You are not glass. When you shatter, you will heal and be whole again.

I’ve been struggling the last few days. In the span of two days, we found out that three couples who are close to us are expecting a baby. That’s not counting the half dozen people who have made announcements in my social media network.

There once was a time when pregnancy announcements would bring on a complete break down. I would retreat into a dark room and sob. I would spend the duration of their pregnancy shifting between profound jealousy and overwhelming guilt for feeling jealous. I would politely decline invitations to baby showers because it hurt too much to be there. When the baby finally came and I took my turn to hold that beautiful angel, my heart would ache with a force that surpassed emotional pain.
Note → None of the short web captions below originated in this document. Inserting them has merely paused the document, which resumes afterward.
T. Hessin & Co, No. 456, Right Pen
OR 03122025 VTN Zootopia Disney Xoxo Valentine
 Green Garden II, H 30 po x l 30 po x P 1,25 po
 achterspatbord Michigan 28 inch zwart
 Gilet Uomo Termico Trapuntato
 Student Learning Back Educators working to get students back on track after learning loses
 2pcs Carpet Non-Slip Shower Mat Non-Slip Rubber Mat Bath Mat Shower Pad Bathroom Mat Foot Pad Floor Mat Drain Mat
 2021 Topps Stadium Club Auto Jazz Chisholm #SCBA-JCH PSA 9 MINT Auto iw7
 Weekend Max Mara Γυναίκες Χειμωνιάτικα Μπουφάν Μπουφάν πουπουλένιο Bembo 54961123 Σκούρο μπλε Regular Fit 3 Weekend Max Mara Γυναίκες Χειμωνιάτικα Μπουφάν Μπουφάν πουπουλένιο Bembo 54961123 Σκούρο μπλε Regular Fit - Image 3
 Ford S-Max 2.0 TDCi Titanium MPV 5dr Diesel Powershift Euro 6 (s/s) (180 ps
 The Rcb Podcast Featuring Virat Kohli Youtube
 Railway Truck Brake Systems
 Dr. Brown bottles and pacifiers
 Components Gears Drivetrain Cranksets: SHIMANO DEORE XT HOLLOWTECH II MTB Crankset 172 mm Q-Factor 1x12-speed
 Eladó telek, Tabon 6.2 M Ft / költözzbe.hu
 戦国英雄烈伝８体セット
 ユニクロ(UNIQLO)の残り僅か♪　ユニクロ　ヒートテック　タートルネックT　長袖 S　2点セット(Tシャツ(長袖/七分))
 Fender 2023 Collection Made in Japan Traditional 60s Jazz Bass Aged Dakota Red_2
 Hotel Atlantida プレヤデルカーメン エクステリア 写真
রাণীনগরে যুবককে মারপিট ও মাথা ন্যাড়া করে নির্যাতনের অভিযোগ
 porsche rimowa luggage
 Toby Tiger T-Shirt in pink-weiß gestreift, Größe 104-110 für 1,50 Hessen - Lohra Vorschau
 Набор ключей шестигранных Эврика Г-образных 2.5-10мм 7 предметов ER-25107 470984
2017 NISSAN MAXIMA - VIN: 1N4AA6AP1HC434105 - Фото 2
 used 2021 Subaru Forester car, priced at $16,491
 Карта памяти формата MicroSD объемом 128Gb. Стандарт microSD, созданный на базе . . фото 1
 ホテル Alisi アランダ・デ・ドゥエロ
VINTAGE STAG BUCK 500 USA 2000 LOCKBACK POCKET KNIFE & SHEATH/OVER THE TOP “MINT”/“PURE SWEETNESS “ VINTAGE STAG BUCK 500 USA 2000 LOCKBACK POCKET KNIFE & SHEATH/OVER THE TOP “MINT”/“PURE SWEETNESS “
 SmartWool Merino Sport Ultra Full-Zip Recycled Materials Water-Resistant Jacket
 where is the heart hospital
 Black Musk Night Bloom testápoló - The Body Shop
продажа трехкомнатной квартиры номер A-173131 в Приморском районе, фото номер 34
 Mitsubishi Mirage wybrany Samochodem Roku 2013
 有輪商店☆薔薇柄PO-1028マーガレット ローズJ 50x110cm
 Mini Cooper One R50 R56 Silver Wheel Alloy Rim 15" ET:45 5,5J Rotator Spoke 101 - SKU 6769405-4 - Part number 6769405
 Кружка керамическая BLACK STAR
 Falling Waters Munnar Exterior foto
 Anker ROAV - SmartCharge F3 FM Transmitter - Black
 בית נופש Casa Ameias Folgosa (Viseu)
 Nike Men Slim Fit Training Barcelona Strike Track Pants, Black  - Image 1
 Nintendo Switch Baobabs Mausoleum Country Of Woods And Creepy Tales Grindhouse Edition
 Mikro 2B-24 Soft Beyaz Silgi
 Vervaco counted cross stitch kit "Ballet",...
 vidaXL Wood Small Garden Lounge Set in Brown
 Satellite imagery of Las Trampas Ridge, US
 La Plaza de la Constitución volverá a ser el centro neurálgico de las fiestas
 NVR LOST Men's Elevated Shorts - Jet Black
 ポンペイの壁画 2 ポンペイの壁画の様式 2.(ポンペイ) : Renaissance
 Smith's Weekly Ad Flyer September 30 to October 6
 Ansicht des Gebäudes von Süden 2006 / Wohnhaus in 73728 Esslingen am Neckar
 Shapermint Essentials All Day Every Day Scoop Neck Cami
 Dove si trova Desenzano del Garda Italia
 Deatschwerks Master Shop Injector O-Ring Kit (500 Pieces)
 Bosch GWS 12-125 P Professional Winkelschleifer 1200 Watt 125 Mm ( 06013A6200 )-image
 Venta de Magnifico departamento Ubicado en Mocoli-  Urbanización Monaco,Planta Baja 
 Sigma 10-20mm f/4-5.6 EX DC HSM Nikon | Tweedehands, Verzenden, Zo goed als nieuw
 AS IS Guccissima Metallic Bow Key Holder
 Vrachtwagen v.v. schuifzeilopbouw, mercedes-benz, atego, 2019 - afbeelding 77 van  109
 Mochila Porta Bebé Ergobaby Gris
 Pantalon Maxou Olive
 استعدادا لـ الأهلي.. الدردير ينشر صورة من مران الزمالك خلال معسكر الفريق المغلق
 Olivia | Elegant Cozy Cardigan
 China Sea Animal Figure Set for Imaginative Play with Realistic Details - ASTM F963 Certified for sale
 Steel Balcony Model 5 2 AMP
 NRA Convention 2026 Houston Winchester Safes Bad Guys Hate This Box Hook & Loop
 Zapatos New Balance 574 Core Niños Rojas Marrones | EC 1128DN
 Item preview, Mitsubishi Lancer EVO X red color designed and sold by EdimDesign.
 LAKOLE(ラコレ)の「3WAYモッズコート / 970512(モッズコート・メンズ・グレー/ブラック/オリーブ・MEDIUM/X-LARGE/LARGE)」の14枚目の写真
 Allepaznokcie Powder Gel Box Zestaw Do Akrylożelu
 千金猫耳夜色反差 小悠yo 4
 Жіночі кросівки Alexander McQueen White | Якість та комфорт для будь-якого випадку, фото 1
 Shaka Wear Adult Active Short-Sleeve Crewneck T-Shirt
It was raw and ugly grief.

Over the years, the grief has eased and I can celebrate alongside my friends and family the way I used to. There is a quiet moment where I process the pain and let it go, but I stay out of the darkness. Last night after getting the news about the third baby from a friend, whom I love dearly, my stronghold started to crumble. I didn’t fall apart, but I did crumble a bit.

It’s HARD. It’s so hard to have a desire so strong that it is infused into every fiber of your being, but out of your reach. Especially when it seems impossible for you, yet so easy for others.

As hard as it is to endure that pain, I also know I don’t deserve to be a mom.

It’s not that I’ve done something wrong or that I’ve disqualified myself somehow. I didn’t mess up. I’m not being punished.

Being a mother isn’t something you earn. It’s a gift. A precious, beautiful, amazing gift. Many women of all backgrounds and circumstances are given that gift and some women, also of every background and circumstance, aren’t. It’s not a matter of deserving it.

In the same way that a baby isn’t a punishment, it also isn’t a reward.

I can’t earn it. I can’t will a child into being mine. I just can’t. I don’t have that control. I can choose to fight that reality and become frustrated, angry, and bitter or I can accept it and do my best to live a life I love and am proud of.

I choose to live. If someday the gift of motherhood is given to me, there will be never-ending, absolutely beautiful gratitude because I know so well that I could just as easily never be a mom.

But something in me knows that I was meant to be a mom. I know it because in my heart there exists a love that belongs to a child. Our child. My child.

Taking a deep breath and moving forward,

Christy

Many times I’ve been asked, “What should I say to my infertile friends? What helped you? What hurt you? How can I be there for them?” To be honest, there was very little I could think of as a response. “Love them.” “Listen to them.” That was the best I could do.

I ran across a post entitled Infertility Etiquette on a blog called Dreaming of Dimples last night and every word rang true. We have grieved, as she describes, for the loss of that desire and eventually moved on to new hope through adoption. The last bit really hits home, especially now when a few people have asked if we’re sure we want to leave trying to conceive behind us.

Once the couple has made the decision to stop treatments, support their decision. Don’t encourage them to try again, and don’t discourage them from adopting, if that is their choice. Once the couple has reached resolution (whether to live without children, adopt a child, or become foster parents), they can finally put that chapter of their lives behind them.

I hope it’s helpful for my friends who have wondered, “What do I say?” Thank you for being there for me and Daniel. Thank you for supporting us now as we pray for a miracle through the blessing of adoption. I am so grateful for the hope that adoption has given us.